# City-State



## Thoreau (May 4, 2012)

Hey I have been studying ALOT about these stuff, aligned with my History teacher that is also from the counterculture and antisystem, he is not a capitalist by any ways nor a comunist or an anarchist. He, as I, think that things must be adapted to the situation your faced with, no one size fits all or any ideaology, its all hibrid. 
So my question is, do you think City-States can work? And i mean medium-large cities, idealy with a maximum of 1milion inhabitants.
So cities would be preferbaly self suficient at least in food and water so one city cannot buy another off. And well they would trade betwhen them, they may create their currencies, idealy trade by trade. 
Have you seen Zeitgeist movies? Maybe like that, but withouth the computer that does the decisisons, becouse that does not seam viable at the moment, but of course as much more tecnology better, and people would only be in charge of the city's maintence and improvement, the rest of the time and aim would be, well freedom, no individual gains whatsoever, in terms of money or owning lots of stuff liek houses or whatever. 

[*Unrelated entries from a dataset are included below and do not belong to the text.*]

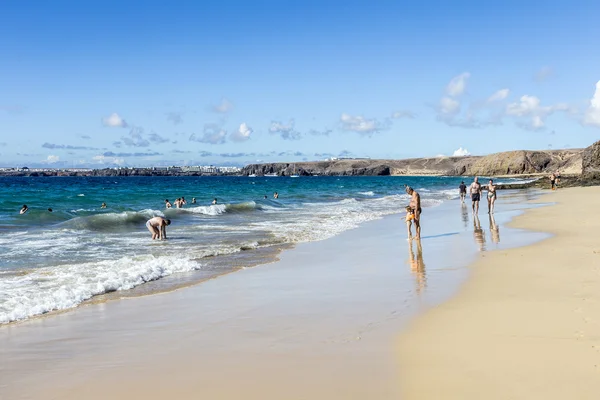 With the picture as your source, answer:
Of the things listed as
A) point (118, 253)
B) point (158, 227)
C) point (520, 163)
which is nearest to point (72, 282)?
point (118, 253)

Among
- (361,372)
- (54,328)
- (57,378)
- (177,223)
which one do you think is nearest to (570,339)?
(361,372)

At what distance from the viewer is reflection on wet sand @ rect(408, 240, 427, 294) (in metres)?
9.69

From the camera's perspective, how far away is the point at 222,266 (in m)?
13.1

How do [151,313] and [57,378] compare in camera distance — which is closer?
[57,378]

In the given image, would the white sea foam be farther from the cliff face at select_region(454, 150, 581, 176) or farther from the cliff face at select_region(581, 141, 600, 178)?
the cliff face at select_region(454, 150, 581, 176)

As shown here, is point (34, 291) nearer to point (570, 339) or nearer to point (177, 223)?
point (570, 339)

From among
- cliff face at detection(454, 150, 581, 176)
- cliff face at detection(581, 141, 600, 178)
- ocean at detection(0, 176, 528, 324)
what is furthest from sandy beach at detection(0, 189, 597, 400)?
cliff face at detection(454, 150, 581, 176)

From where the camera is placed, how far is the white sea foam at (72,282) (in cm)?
883

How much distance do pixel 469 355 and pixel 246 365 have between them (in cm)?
227

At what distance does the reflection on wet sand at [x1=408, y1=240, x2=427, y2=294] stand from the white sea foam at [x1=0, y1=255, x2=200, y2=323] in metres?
4.98

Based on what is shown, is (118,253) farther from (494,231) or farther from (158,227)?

Discuss please, it may be feazable in some countries, even in the US after its (hopefully) implosion and separation
Add ideas


----------



## Pheonix (May 23, 2012)

What's this city-state thing you talk about it sound like Confederacy with a hippie twist. It seems like City-States is another way to describe confederacy without saying "confederacy" kind of like "State-rights".


----------



## Thoreau (May 24, 2012)

Well it would basicly be cities with their own government, let me give you an example, the US, it has a federal goverment, but in case of dismebrament, what would be left were states, that are now independent countries. The city-state concept goes deeper than that, since a state in the US is usually about the size of an european country, it must divide itself further, to a point of, for example, the city-states before the italian unification. With about the same size and withouth all the battles in beetwhen.
I believe that something like that would be the maximum of democracy, and where democracy could really work. Becouse the more persons you have in your country, the more likely opinions, ways of life and world views are diferent.


----------



## Pheonix (May 24, 2012)

It would just separate the states even more, California would be super liberal and Texas would be super Republican and eventually states would start going to war with each other. Who's going to protect Michigan from Ohio?


----------



## Auto (Jul 13, 2012)

Aristotle said that if a city-state reached more then a 50,000 population, freedoms would be lost. I like the city-state idea, masses of people are easily manipulated into wanting things that are not in their best interest, it would be much better to have a smaller populace, you would most likely personally know most of the people that are running things. Lew Rockwell often talks about the city-state idea if you are interested.


----------